Segment Open
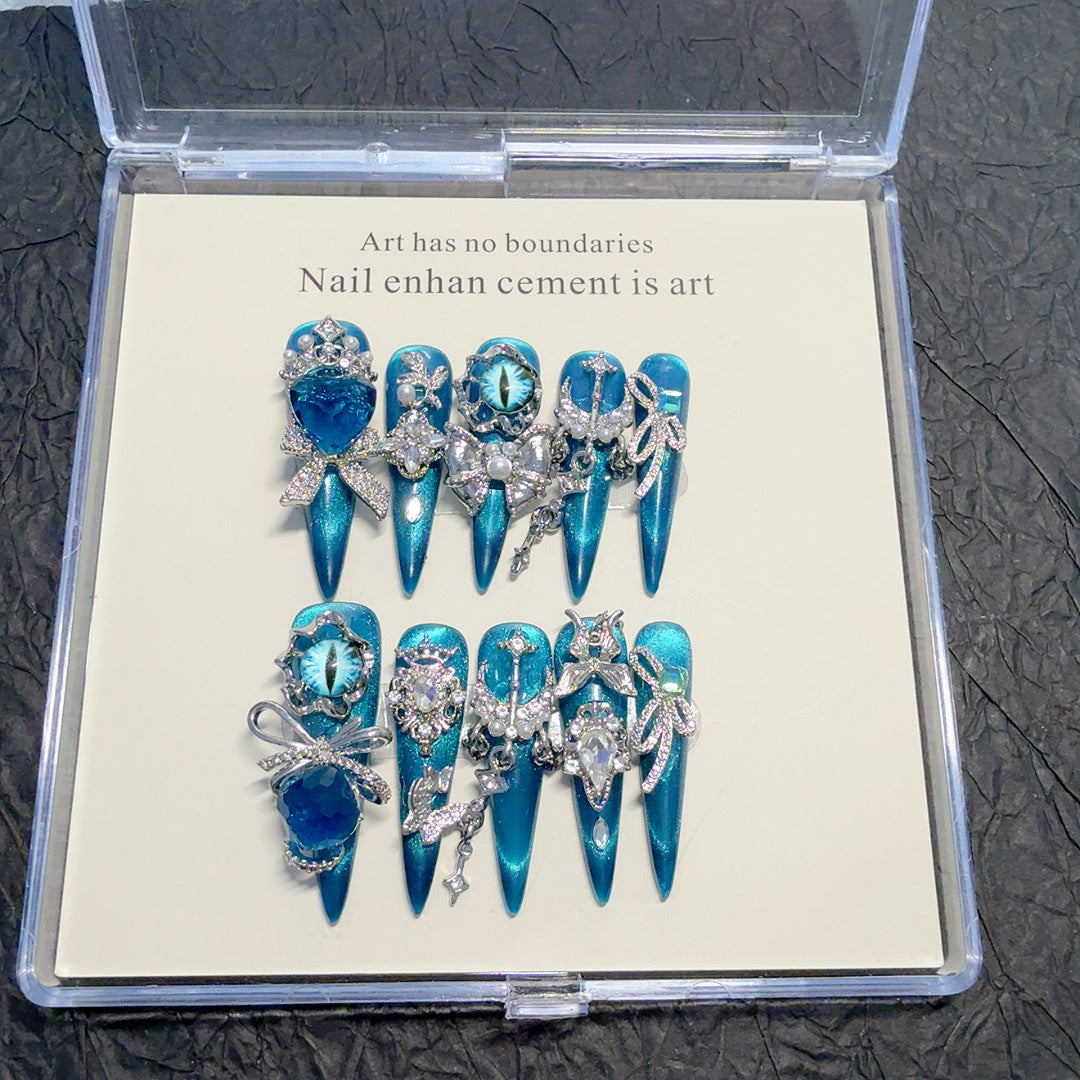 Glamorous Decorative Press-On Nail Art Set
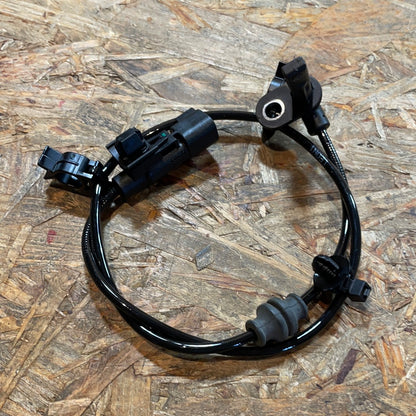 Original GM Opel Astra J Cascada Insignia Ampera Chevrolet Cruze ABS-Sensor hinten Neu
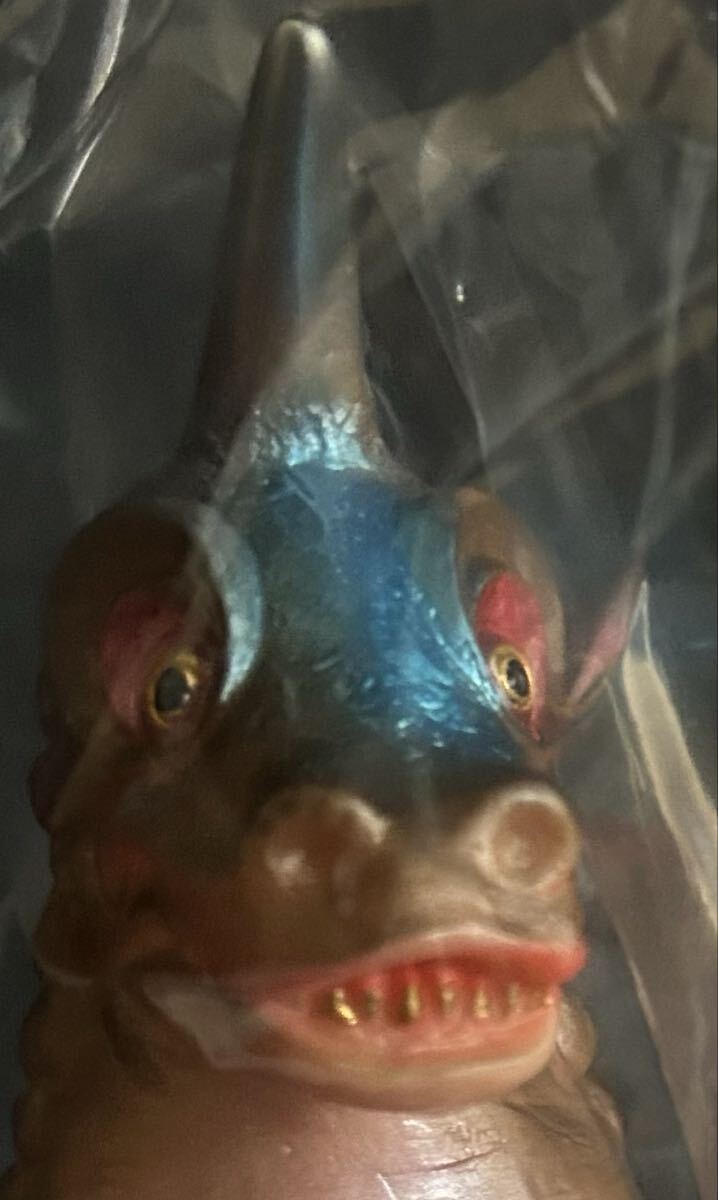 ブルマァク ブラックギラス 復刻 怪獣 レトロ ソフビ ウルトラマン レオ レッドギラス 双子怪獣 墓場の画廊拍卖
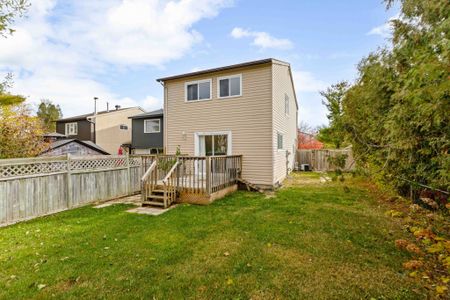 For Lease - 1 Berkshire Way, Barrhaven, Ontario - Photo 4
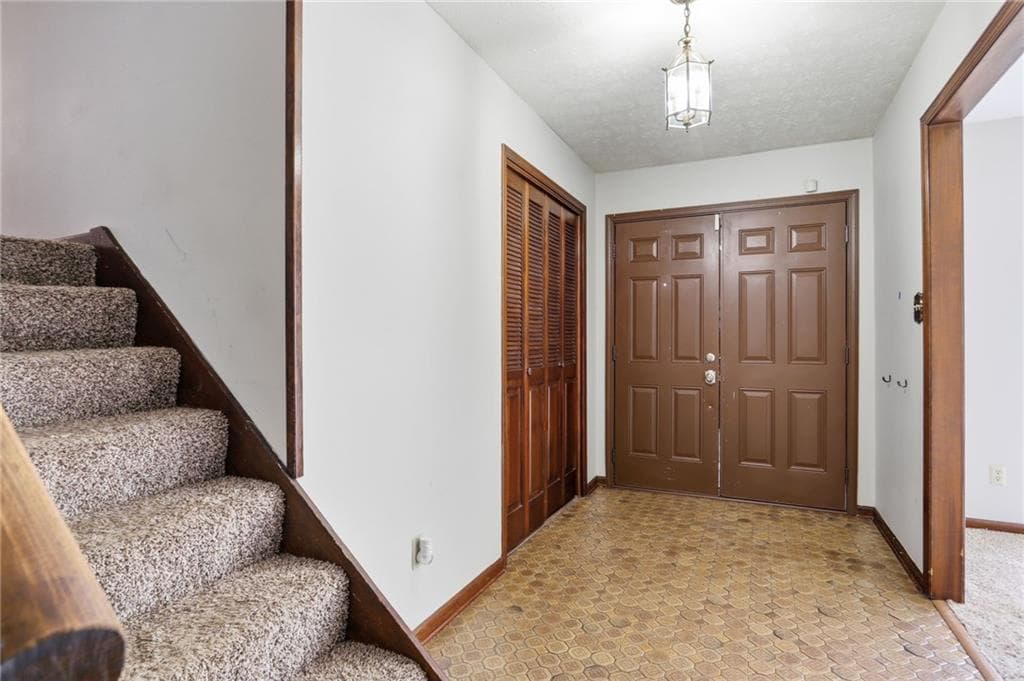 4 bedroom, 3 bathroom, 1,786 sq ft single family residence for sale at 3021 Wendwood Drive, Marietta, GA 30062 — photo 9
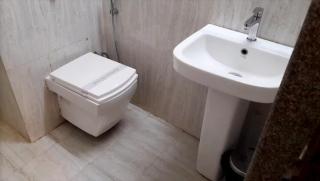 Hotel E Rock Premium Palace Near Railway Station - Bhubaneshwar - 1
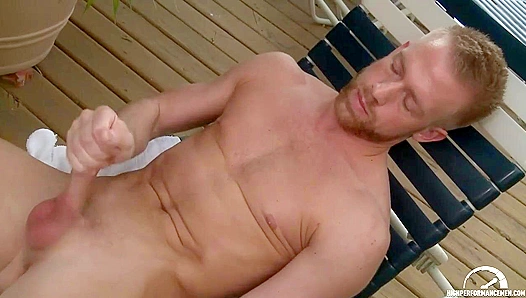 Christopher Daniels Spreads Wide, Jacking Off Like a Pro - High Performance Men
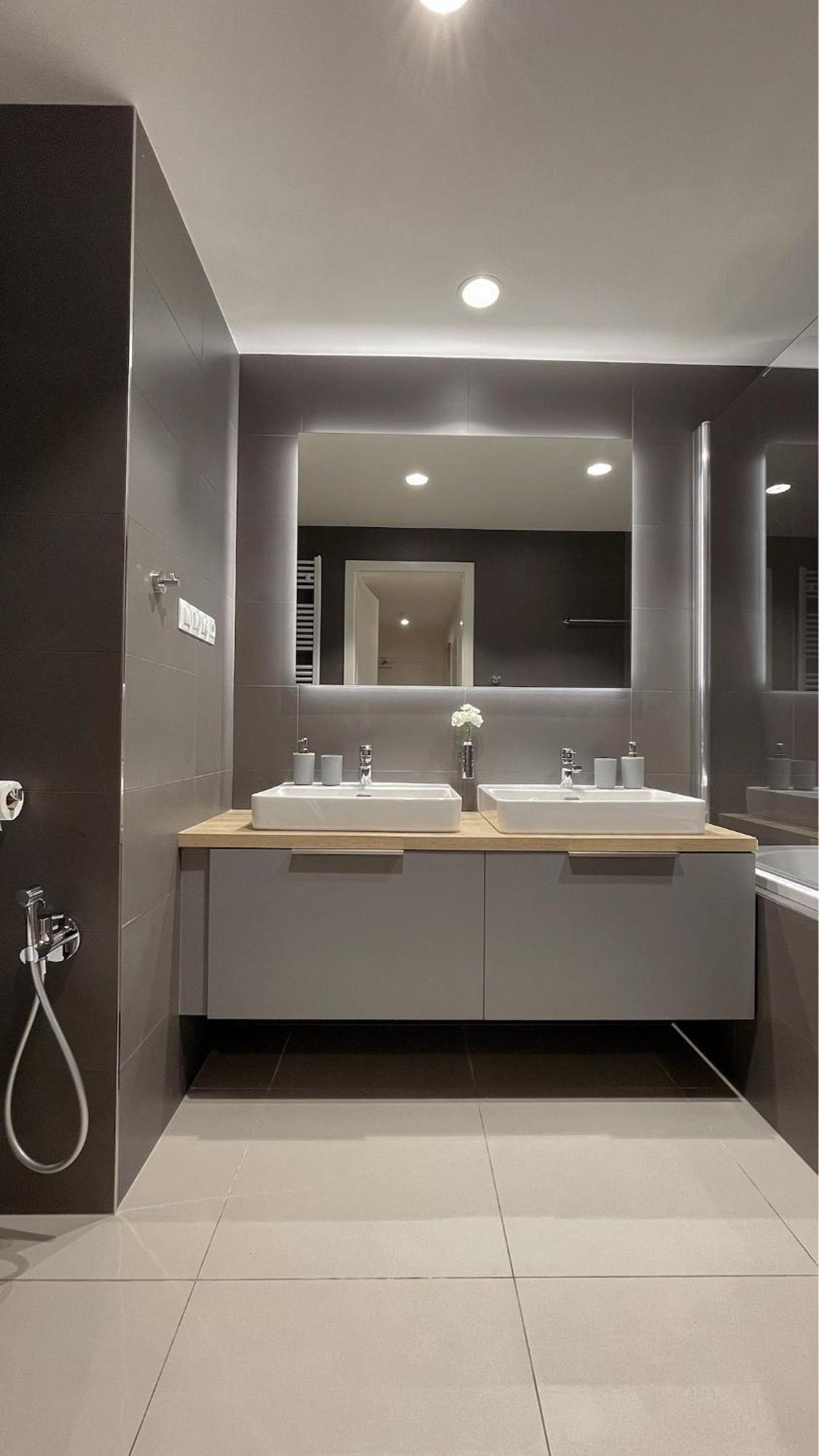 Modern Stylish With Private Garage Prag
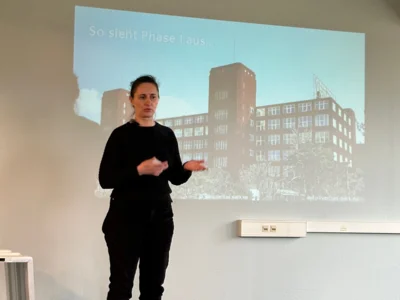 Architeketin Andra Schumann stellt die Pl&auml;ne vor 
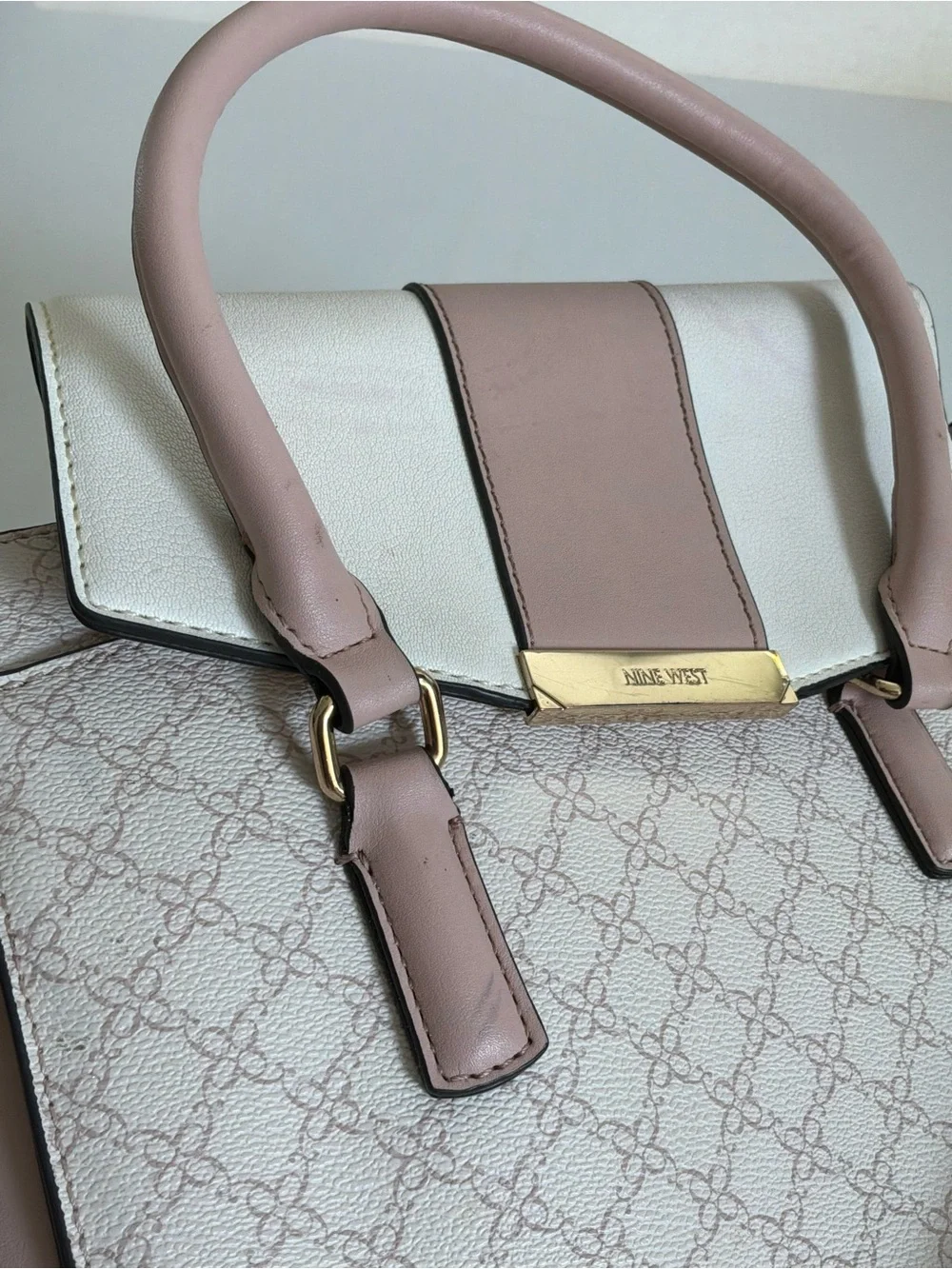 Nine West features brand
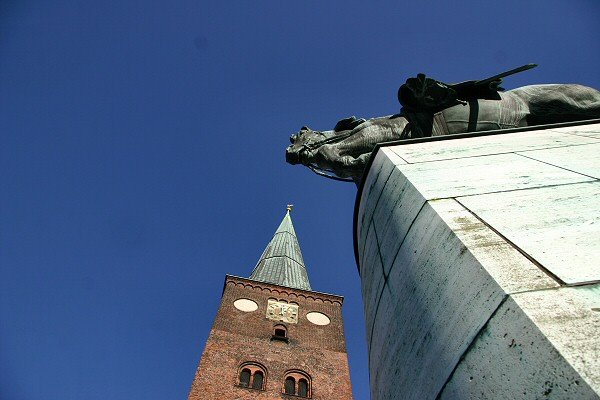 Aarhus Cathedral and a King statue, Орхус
Segment Closed
Task details:
The lines wanted run from the one with "Nine West features brand" through the final line of the data; repeat them word for word and skip every picture.

Worked solution:
 Nine West features brand
 Aarhus Cathedral and a King statue, Орхус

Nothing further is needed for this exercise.